Random string from selected Unicode character set (test data)

Do you have a question? Post it now! No Registration Necessary.  Now with pictures!

Threaded View
I am implementing the script from generatedata.com

But I would like for it to also display Unicode chars, so I can test
other languages.

I have looked everywhere, but can't seem to find a PHP function that
lets me do something like

$outstring .= $make_unicode_random('katakana');

thereby selecting things from the code points U+30A0 .. U+30FF


The strings could be defined more broadly like "japanese" etc for
language separation. Not important.

Point is to get a string of 1..n chars of a certain language group, be
it Greek, European accents, Japanese, Mandarin, Hangul etc

I have found a project "babel" which is a .NET application. Not sure
if it's open sourced.

Anyone have some pointers to this project ?

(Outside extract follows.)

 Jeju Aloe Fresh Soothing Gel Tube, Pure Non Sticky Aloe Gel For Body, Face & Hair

Re: Random string from selected Unicode character set (test data)

Horst Lemminger wrote:
Quoted text here. Click to load it
I would simply make an indexed array of all the characters you want to
select from, and then randmonly index into that.

I've done similar in the past by writing a program to write the source
code of a large lookup table.

Sometimes the 'table' approach is just simpler (and much faster) than an
algorithmic approach  unless you are REALLY strapped for code/static

Which is unlikely to be the case with a typical LAMP type installation.

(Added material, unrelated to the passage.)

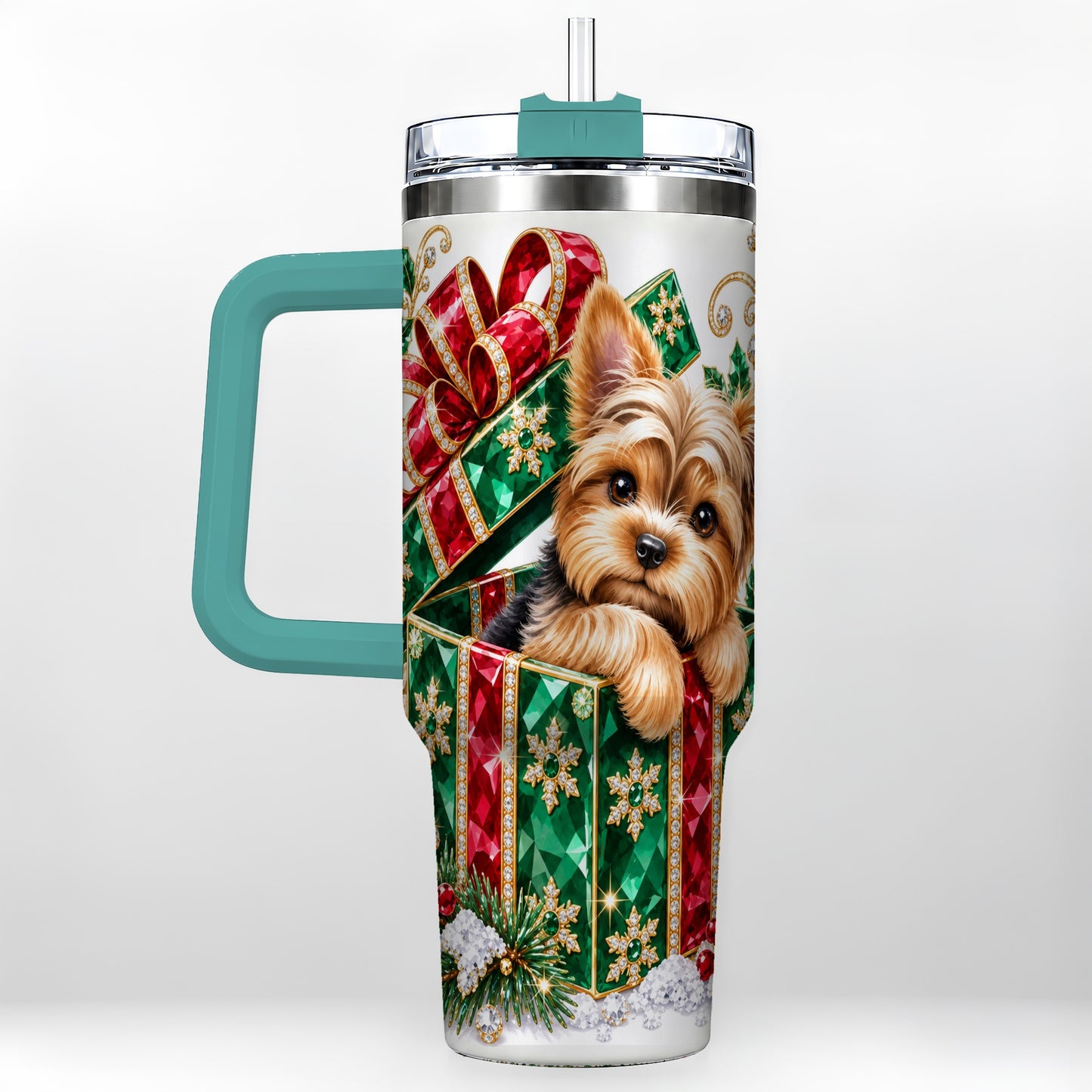 #pl[40oz|Green] Gemstone Style Terrier 40oz Tumbler with Handle, Christmas Dog Travel Cup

Quoted text here. Click to load it
use separate tables for each character set..

Quoted text here. Click to load it
Not me

To people who know nothing, anything is possible.
To people who know too much, it is a sad fact
that they know how little is really possible -
and how hard it is to achieve it.

Re: Random string from selected Unicode character set (test data)

Quoted text here. Click to load it

First, get a function that takes a codepoint and generates the UTF
bytes for that codepoint.  See below.  I chose to put the data in
urlencode format (e.g. "%E3%82%A0" for U+30A0) and then urldecode()
it to a raw byte sequence.  It may not be super-efficient but it
works.  Note that the codepoint probably needs to be a hex number
(e.g. begins with "0x") although decimal works also.  UTF-8 encoding
is essentially a lot of bit shifting and masking.

This function is great as a base for generating code charts (that
is, *ALL* of the characters in a certain range, in a table labelled
with the codepoint, to test out your fonts).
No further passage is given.